TASK REQUIREMENTS | Pictures in the data should be dropped; transcribe exactly the lines from the one that has "Thomas Fersen Le Zéphyr Châteaugiron" through the one that has "CAJA AUTOMATICA EXPLORER".
-------- RECORDED DATA
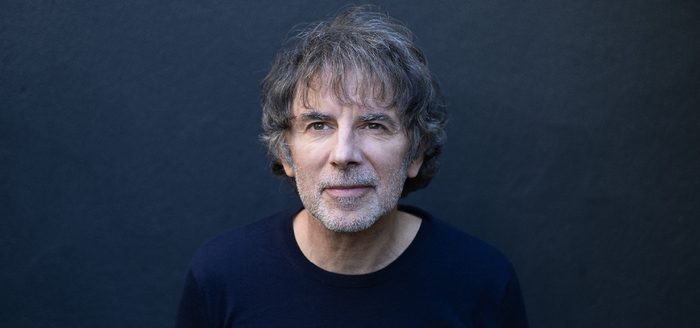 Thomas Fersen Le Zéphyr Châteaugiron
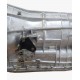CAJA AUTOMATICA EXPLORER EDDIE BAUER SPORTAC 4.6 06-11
----------------
-------- RECORDED DATA
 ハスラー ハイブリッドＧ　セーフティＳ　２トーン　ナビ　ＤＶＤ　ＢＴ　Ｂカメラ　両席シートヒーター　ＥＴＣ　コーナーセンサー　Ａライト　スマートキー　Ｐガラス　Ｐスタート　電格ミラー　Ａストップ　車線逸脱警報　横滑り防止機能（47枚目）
----------------
SOLUTION TO THE EXERCISE |
 Thomas Fersen Le Zéphyr Châteaugiron
CAJA AUTOMATICA EXPLORER EDDIE BAUER SPORTAC 4.6 06-11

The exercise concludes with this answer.